Join GitHub today
GitHub is home to over 28 million developers working together to host and review code, manage projects, and build software together.Sign up
runtime: make sure blocked channels run operations in FIFO order #11506
I've had mail conversations with two different projects using Go recently, both centered around the surprise that if many goroutines are blocked on a particular channel, and that channel becomes available, it is still possible for running goroutines who "drive by" at the right time to get their operation in before the goroutines that are blocked, and it is possible for the goroutines who are blocked to be reordered as a result. If this happens repeatedly, the effect is that the blocked goroutines can block arbitrarily long even though the channel is known to be ready at regular intervals. I wonder if we should adjust the channel implementation to ensure that when a channel does become available for sending or receiving, blocked operations take priority over "drive by" operations. It seems to me that this can be done by completing the blocked operation as part of the operation that unblocks it.

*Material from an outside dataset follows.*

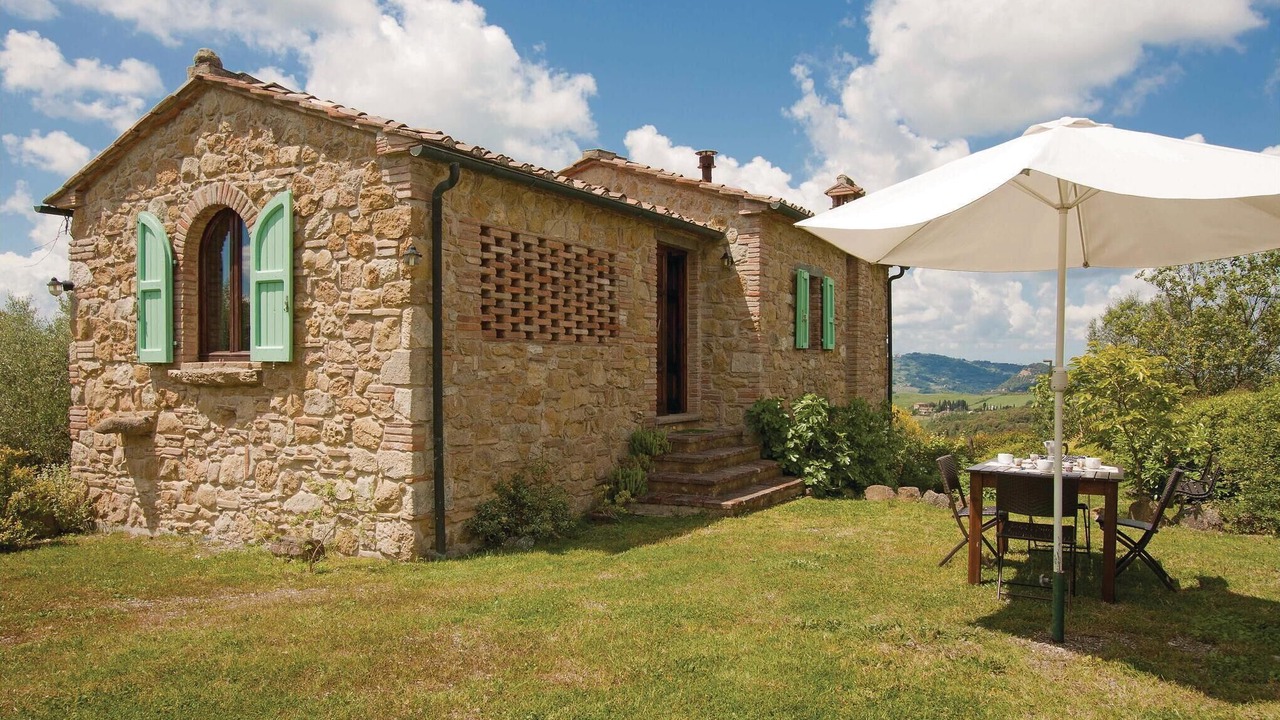 Photo of Others in Volterra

Sends and receives on unbuffered channels already behave this way: a send with blocked receivers picks the first receiver goroutine off the queue, delivers the value to it, readies it (puts it on a run queue), and continues execution. That is, the send completes the blocked operation. Receives on unbuffered channels similarly complete blocked sends.
Sends and receives on buffered channels do not behave this way:
A send into a buffered channel with blocked receivers stores the value in the buffer, wakes up a receiver, and continues executing. When the receiver is eventually scheduled, it checks the channel, and maybe it gets lucky and the value is still there. But maybe not, in which case it goes to the end of the queue.
A receive out of a buffered channel copies a value out of the buffer, wakes a blocked sender, and continues. When the sender is eventually scheduled, it checks the channel, and maybe it gets lucky and there is still room in the buffer for the send. But maybe not, in which case it goes to the end of the queue.
It seems to me that it would be easy and symmetric with the unbuffered channel operations for a send with blocked receivers to deliver the value straight to a receiver, completing the first pending receive operation. Similarly a receive with blocked senders could take its own value out of the channel buffer and then complete the send into the newly emptied space. That would be the only operation of the four that needs to transfer a pair of values instead of just one.
It doesn't seem to me that it would hurt performance to do this, and in fact it might help, since there would not be all the unnecessary wakeups that happen now. It would give much more predictable behavior when goroutines queue up on a stuck channel: once queued, that's the order they're going to be served, guaranteed.
From a "happens before" point of view, I'm talking nonsense. There is no "happens before" for two different goroutines blocking on the same channel, and so there is no difference between all the execution orders. I understand that. But from a "what actually happens" point of view, there certainly is a difference: if you know that the goroutines have been stacking up one per minute for an hour before the channel finally gets unblocked and they all complete, you know what order they blocked and might reasonably expect them to unblock in that same order. This remains roughly as true at shorter time scales.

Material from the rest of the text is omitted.